» **Data extracts**
*-*-*

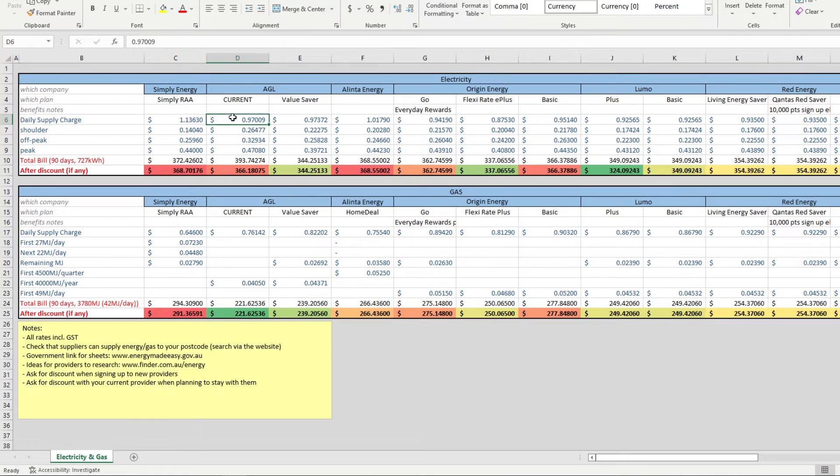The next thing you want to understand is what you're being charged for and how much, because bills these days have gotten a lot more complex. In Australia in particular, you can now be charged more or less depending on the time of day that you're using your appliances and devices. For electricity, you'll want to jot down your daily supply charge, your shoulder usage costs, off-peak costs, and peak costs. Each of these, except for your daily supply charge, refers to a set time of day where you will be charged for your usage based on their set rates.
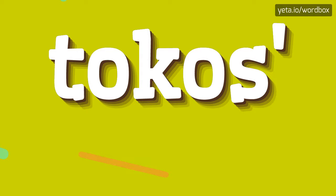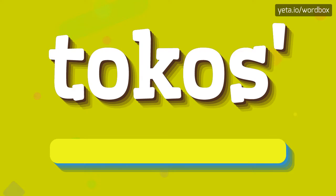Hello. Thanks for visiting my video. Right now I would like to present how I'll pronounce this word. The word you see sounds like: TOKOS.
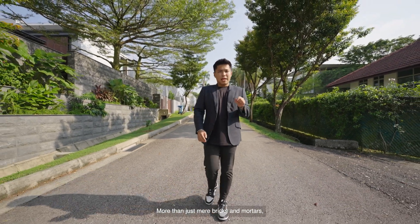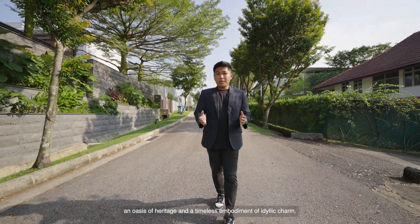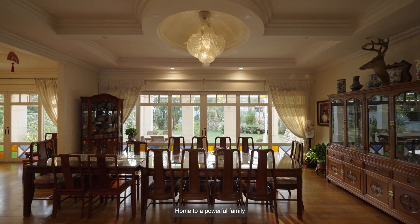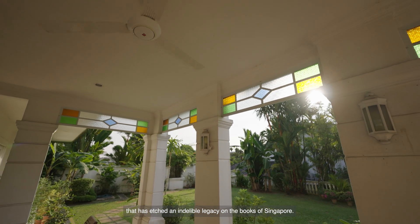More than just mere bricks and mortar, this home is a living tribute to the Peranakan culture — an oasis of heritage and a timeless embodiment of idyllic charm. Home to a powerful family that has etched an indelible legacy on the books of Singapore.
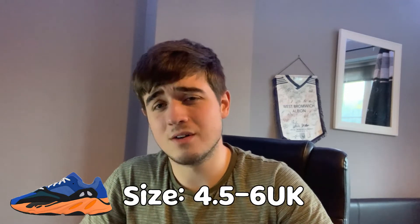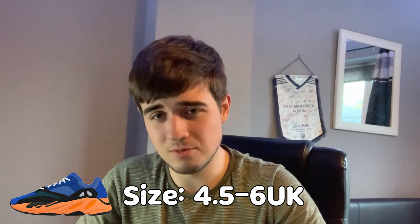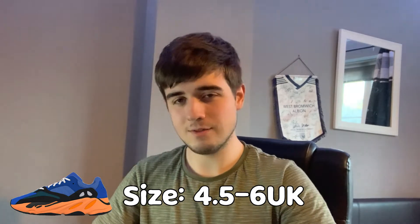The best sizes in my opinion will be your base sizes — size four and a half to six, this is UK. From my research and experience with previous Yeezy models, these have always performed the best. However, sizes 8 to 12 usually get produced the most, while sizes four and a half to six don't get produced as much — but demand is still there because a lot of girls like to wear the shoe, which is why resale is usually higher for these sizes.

*-*-*

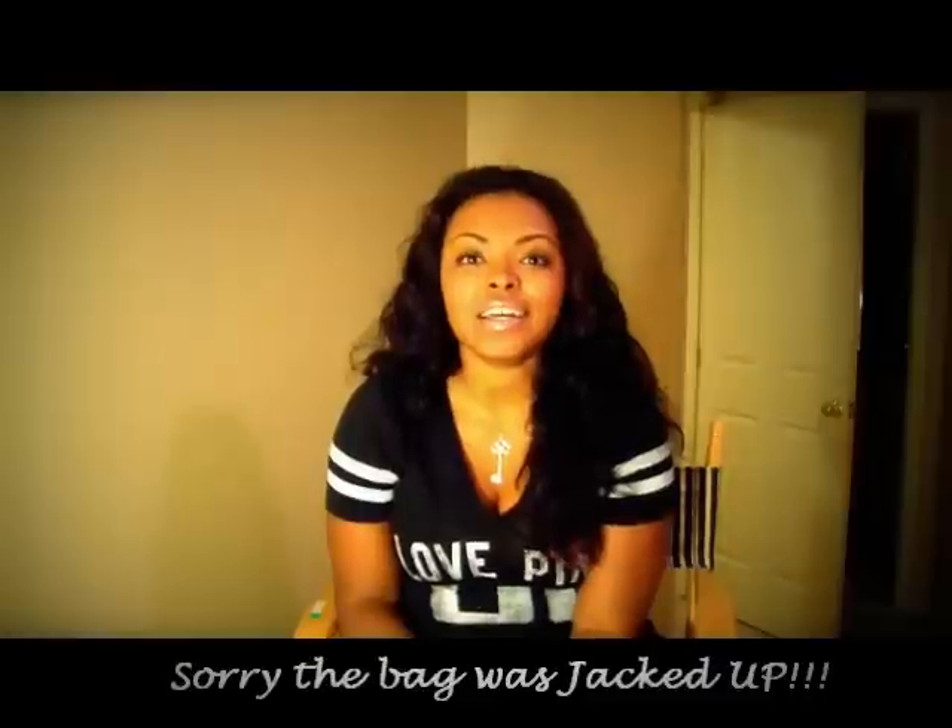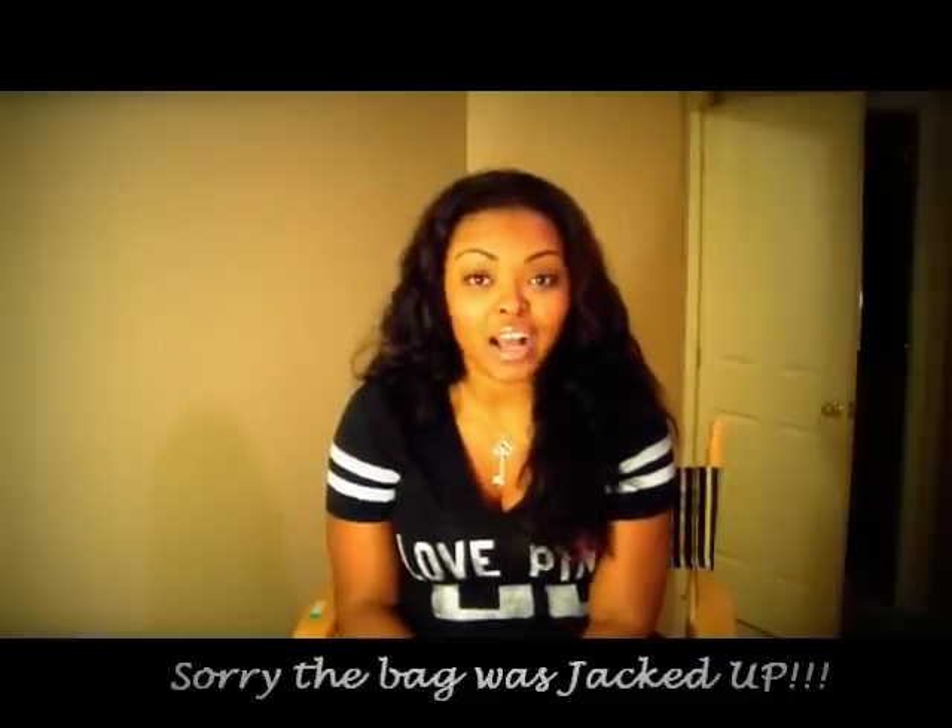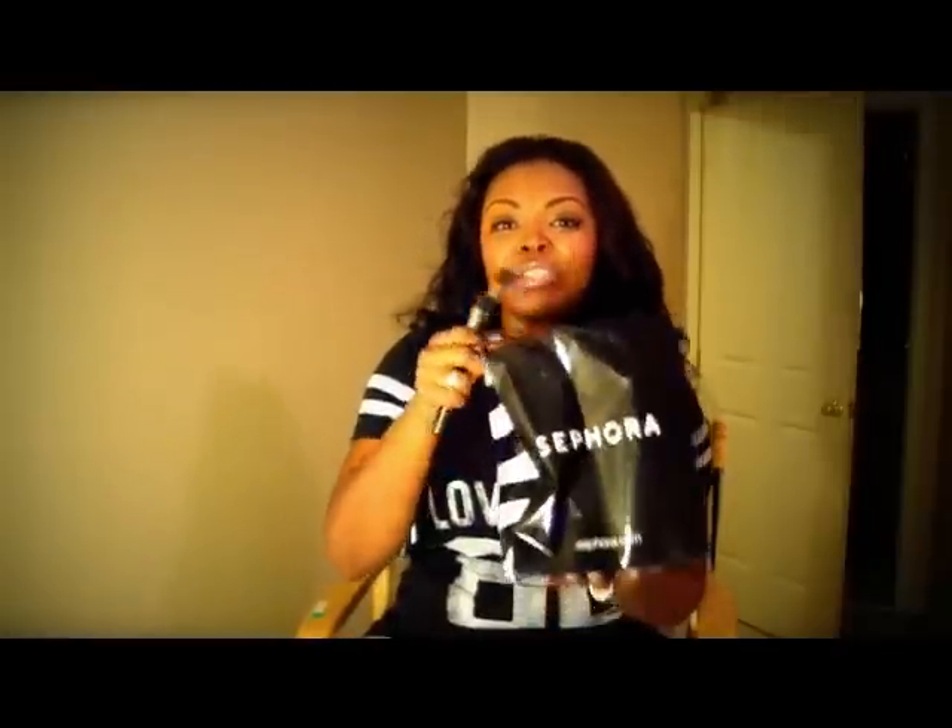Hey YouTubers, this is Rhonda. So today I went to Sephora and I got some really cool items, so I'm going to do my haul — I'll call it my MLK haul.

*-*-*

» **Task description**
Beginning with the line above that has "The next thing" and going on through the line that has "More than just", retype every line exactly and add nothing else; drop the pictures.

» **Answer box**
The next thing you want to understand is what you're being charged for and how much, because bills these days have gotten a lot more complex. In Australia in particular, you can now be charged more or less depending on the time of day that you're using your appliances and devices. For electricity, you'll want to jot down your daily supply charge, your shoulder usage costs, off-peak costs, and peak costs. Each of these, except for your daily supply charge, refers to a set time of day where you will be charged for your usage based on their set rates.
Hello. Thanks for visiting my video. Right now I would like to present how I'll pronounce this word. The word you see sounds like: TOKOS.
More than just mere bricks and mortar, this home is a living tribute to the Peranakan culture — an oasis of heritage and a timeless embodiment of idyllic charm. Home to a powerful family that has etched an indelible legacy on the books of Singapore.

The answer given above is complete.